**Work request**
In the entries that follow, the line with "У Вільнюсі презентували" opens the range and the line with "Katar’da Şehit Olan" closes it; repeat that range exactly, both lines included.

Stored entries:

.....

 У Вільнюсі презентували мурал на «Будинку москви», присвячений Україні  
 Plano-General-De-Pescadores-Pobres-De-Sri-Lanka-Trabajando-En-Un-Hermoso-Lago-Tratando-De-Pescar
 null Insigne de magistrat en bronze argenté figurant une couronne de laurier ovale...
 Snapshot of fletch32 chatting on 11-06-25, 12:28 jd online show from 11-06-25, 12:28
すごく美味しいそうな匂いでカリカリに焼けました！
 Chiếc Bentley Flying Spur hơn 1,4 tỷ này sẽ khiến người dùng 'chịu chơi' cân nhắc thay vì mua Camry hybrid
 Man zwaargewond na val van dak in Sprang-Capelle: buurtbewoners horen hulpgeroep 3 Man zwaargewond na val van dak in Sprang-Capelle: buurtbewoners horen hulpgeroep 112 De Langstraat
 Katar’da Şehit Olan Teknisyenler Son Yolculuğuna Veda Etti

.....

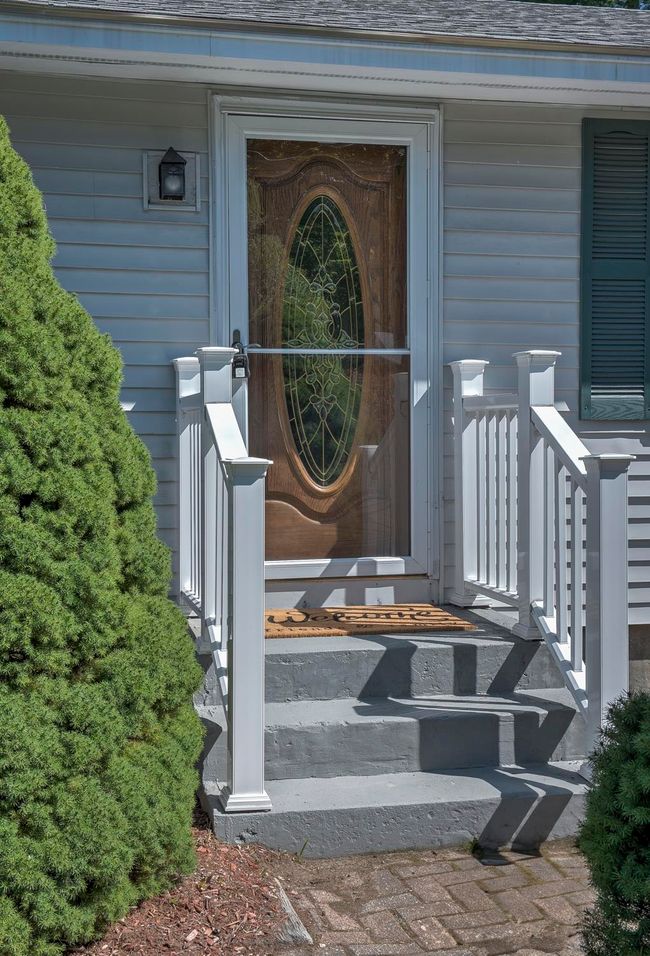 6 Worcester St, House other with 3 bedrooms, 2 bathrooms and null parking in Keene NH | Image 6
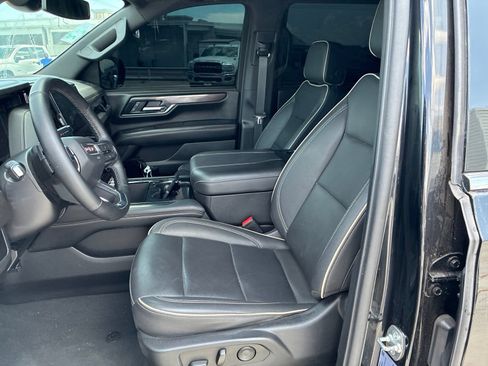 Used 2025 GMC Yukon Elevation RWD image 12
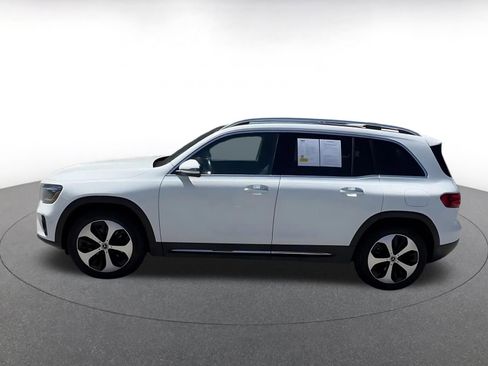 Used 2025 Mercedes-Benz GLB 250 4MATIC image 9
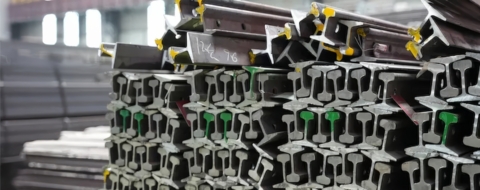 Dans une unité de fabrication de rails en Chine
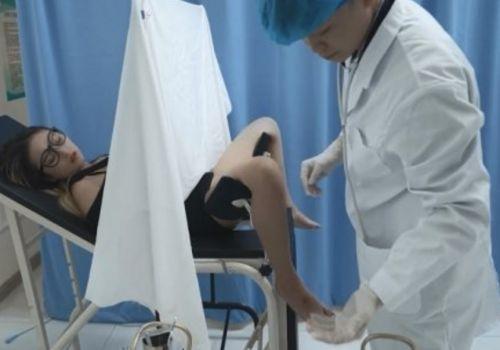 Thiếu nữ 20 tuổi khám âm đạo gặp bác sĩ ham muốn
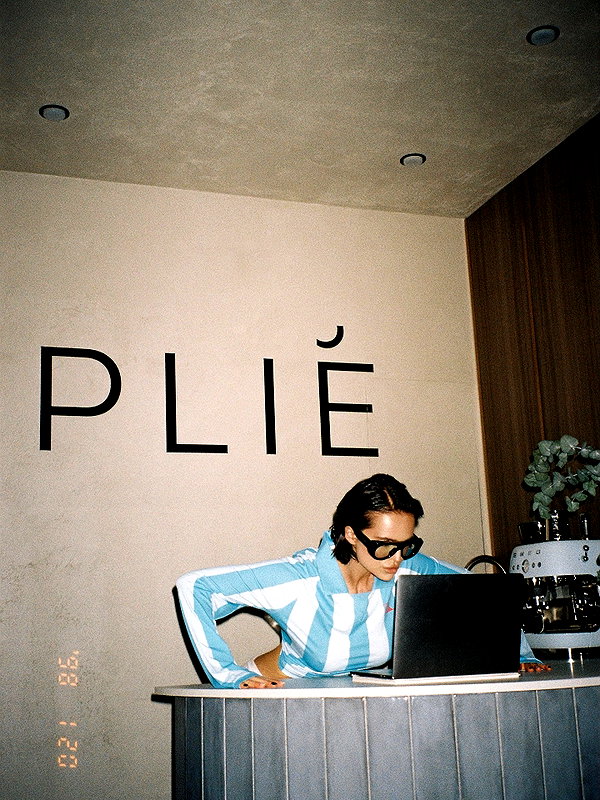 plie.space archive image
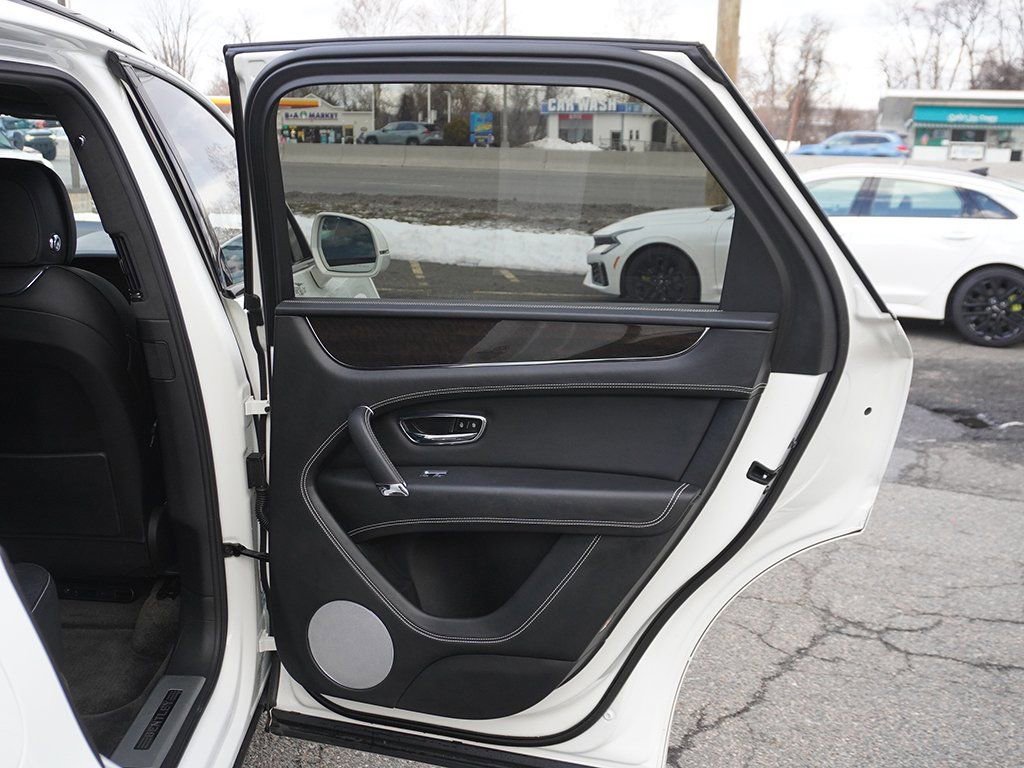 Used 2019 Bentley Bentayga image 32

.....

**The completed task**
 У Вільнюсі презентували мурал на «Будинку москви», присвячений Україні  
 Plano-General-De-Pescadores-Pobres-De-Sri-Lanka-Trabajando-En-Un-Hermoso-Lago-Tratando-De-Pescar
 null Insigne de magistrat en bronze argenté figurant une couronne de laurier ovale...
 Snapshot of fletch32 chatting on 11-06-25, 12:28 jd online show from 11-06-25, 12:28
すごく美味しいそうな匂いでカリカリに焼けました！
 Chiếc Bentley Flying Spur hơn 1,4 tỷ này sẽ khiến người dùng 'chịu chơi' cân nhắc thay vì mua Camry hybrid
 Man zwaargewond na val van dak in Sprang-Capelle: buurtbewoners horen hulpgeroep 3 Man zwaargewond na val van dak in Sprang-Capelle: buurtbewoners horen hulpgeroep 112 De Langstraat
 Katar’da Şehit Olan Teknisyenler Son Yolculuğuna Veda Etti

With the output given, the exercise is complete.